> Task item: Restate word for word the lines that begin the listing and end with the line holding "Click to view".

> Stored data:
- Opening Delimiter -

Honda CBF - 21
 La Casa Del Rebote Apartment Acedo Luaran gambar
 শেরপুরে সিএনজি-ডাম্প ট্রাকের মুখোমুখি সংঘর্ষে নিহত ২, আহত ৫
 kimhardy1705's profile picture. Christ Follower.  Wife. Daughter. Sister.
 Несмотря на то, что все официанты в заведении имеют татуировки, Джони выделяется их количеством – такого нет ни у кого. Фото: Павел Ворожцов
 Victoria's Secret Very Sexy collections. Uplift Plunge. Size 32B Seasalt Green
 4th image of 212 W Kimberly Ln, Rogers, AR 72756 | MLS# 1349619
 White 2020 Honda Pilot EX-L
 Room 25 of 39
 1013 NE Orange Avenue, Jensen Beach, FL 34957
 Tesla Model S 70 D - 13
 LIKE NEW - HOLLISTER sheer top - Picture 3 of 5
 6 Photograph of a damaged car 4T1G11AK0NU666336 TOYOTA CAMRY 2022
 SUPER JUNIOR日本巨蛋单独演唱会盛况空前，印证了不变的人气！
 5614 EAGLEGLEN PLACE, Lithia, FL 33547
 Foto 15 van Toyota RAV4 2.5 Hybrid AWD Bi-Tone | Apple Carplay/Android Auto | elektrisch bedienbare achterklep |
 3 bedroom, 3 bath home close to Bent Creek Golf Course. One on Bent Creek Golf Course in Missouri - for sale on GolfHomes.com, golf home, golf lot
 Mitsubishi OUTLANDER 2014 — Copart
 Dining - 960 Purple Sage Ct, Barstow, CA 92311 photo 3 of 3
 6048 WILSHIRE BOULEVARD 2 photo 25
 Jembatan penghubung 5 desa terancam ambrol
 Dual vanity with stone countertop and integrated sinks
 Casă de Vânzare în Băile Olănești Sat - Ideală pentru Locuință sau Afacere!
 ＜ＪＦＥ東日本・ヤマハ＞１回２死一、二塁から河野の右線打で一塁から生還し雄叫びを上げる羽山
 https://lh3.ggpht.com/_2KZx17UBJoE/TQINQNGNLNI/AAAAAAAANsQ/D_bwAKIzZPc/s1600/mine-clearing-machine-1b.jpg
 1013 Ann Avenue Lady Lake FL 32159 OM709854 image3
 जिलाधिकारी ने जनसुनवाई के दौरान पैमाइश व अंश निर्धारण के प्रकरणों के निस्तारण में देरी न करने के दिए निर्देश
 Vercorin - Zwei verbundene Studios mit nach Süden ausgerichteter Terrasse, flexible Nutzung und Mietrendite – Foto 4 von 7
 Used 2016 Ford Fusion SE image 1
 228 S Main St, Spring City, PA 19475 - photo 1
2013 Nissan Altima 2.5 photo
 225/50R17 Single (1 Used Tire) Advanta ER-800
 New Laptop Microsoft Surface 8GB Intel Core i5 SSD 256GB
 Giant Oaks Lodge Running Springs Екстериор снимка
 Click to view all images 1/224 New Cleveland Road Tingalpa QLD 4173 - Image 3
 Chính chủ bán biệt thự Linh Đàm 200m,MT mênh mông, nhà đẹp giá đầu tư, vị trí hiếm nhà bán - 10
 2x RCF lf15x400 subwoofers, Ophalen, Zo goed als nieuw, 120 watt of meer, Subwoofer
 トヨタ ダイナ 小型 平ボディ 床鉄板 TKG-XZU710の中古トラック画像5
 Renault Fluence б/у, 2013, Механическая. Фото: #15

- Closing Delimiter -

> Written reply:
Honda CBF - 21
 La Casa Del Rebote Apartment Acedo Luaran gambar
 শেরপুরে সিএনজি-ডাম্প ট্রাকের মুখোমুখি সংঘর্ষে নিহত ২, আহত ৫
 kimhardy1705's profile picture. Christ Follower.  Wife. Daughter. Sister.
 Несмотря на то, что все официанты в заведении имеют татуировки, Джони выделяется их количеством – такого нет ни у кого. Фото: Павел Ворожцов
 Victoria's Secret Very Sexy collections. Uplift Plunge. Size 32B Seasalt Green
 4th image of 212 W Kimberly Ln, Rogers, AR 72756 | MLS# 1349619
 White 2020 Honda Pilot EX-L
 Room 25 of 39
 1013 NE Orange Avenue, Jensen Beach, FL 34957
 Tesla Model S 70 D - 13
 LIKE NEW - HOLLISTER sheer top - Picture 3 of 5
 6 Photograph of a damaged car 4T1G11AK0NU666336 TOYOTA CAMRY 2022
 SUPER JUNIOR日本巨蛋单独演唱会盛况空前，印证了不变的人气！
 5614 EAGLEGLEN PLACE, Lithia, FL 33547
 Foto 15 van Toyota RAV4 2.5 Hybrid AWD Bi-Tone | Apple Carplay/Android Auto | elektrisch bedienbare achterklep |
 3 bedroom, 3 bath home close to Bent Creek Golf Course. One on Bent Creek Golf Course in Missouri - for sale on GolfHomes.com, golf home, golf lot
 Mitsubishi OUTLANDER 2014 — Copart
 Dining - 960 Purple Sage Ct, Barstow, CA 92311 photo 3 of 3
 6048 WILSHIRE BOULEVARD 2 photo 25
 Jembatan penghubung 5 desa terancam ambrol
 Dual vanity with stone countertop and integrated sinks
 Casă de Vânzare în Băile Olănești Sat - Ideală pentru Locuință sau Afacere!
 ＜ＪＦＥ東日本・ヤマハ＞１回２死一、二塁から河野の右線打で一塁から生還し雄叫びを上げる羽山
 https://lh3.ggpht.com/_2KZx17UBJoE/TQINQNGNLNI/AAAAAAAANsQ/D_bwAKIzZPc/s1600/mine-clearing-machine-1b.jpg
 1013 Ann Avenue Lady Lake FL 32159 OM709854 image3
 जिलाधिकारी ने जनसुनवाई के दौरान पैमाइश व अंश निर्धारण के प्रकरणों के निस्तारण में देरी न करने के दिए निर्देश
 Vercorin - Zwei verbundene Studios mit nach Süden ausgerichteter Terrasse, flexible Nutzung und Mietrendite – Foto 4 von 7
 Used 2016 Ford Fusion SE image 1
 228 S Main St, Spring City, PA 19475 - photo 1
2013 Nissan Altima 2.5 photo
 225/50R17 Single (1 Used Tire) Advanta ER-800
 New Laptop Microsoft Surface 8GB Intel Core i5 SSD 256GB
 Giant Oaks Lodge Running Springs Екстериор снимка
 Click to view all images 1/224 New Cleveland Road Tingalpa QLD 4173 - Image 3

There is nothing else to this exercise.